Print the listing below only from the line that has "Figure 8. Example" through the line that has "Autism spectrum disorder", exactly, and drop any picture.

* _Data for this task_:
_ _ _ _ _

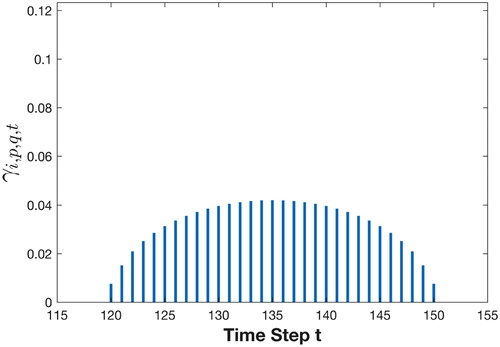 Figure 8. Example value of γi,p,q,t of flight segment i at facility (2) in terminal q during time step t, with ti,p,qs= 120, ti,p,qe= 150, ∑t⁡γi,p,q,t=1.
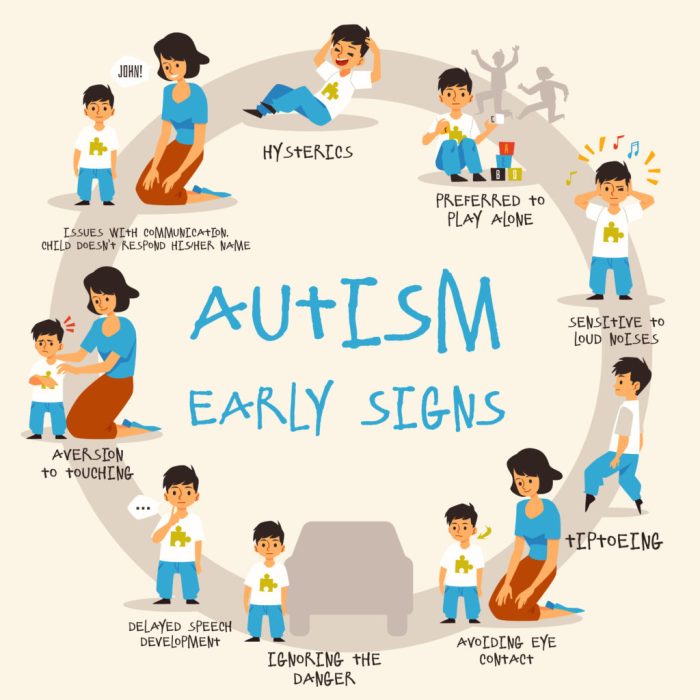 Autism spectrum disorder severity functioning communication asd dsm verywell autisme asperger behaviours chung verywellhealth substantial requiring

_ _ _ _ _

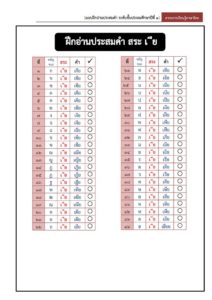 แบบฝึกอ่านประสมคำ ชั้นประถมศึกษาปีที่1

_ _ _ _ _

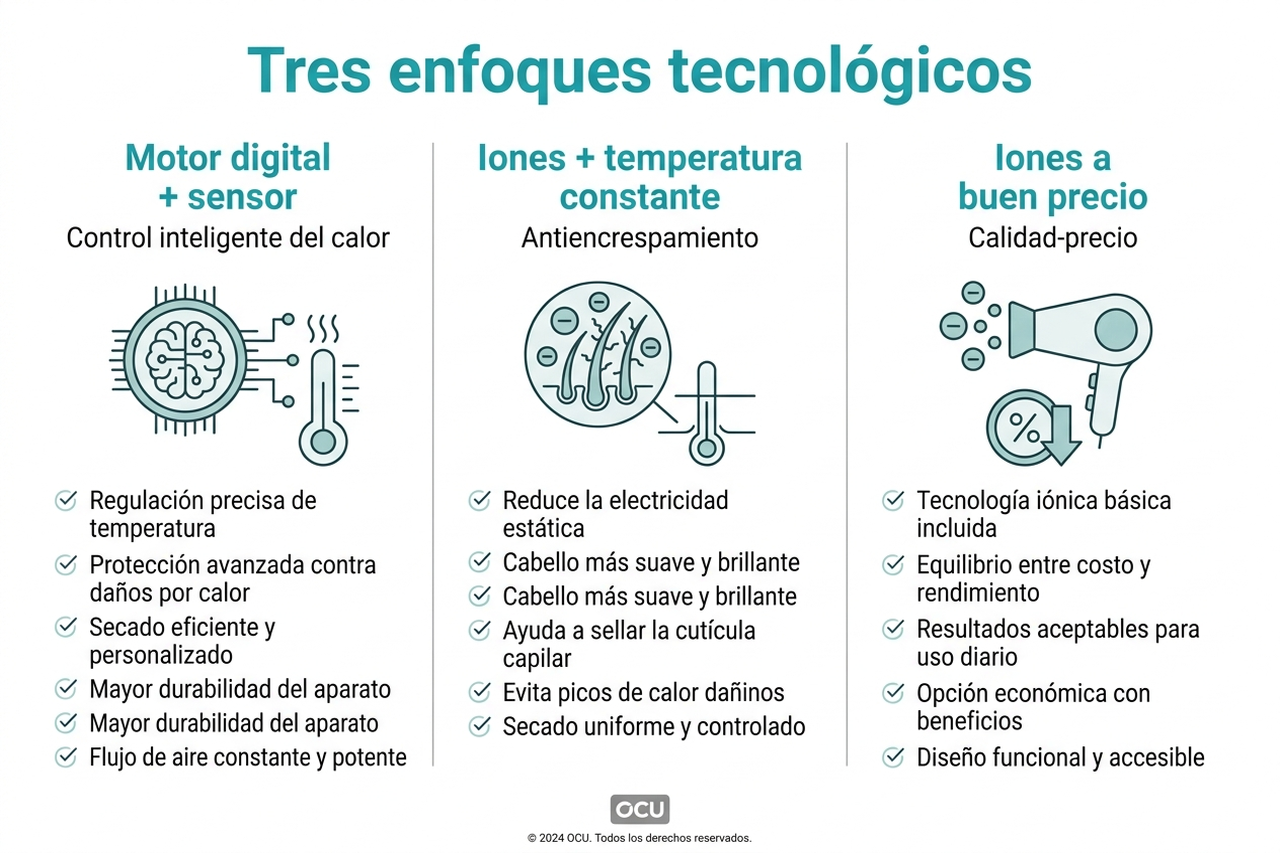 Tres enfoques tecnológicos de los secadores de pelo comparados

_ _ _ _ _

* _Solution to the problem_:
 Figure 8. Example value of γi,p,q,t of flight segment i at facility (2) in terminal q during time step t, with ti,p,qs= 120, ti,p,qe= 150, ∑t⁡γi,p,q,t=1.
 Autism spectrum disorder severity functioning communication asd dsm verywell autisme asperger behaviours chung verywellhealth substantial requiring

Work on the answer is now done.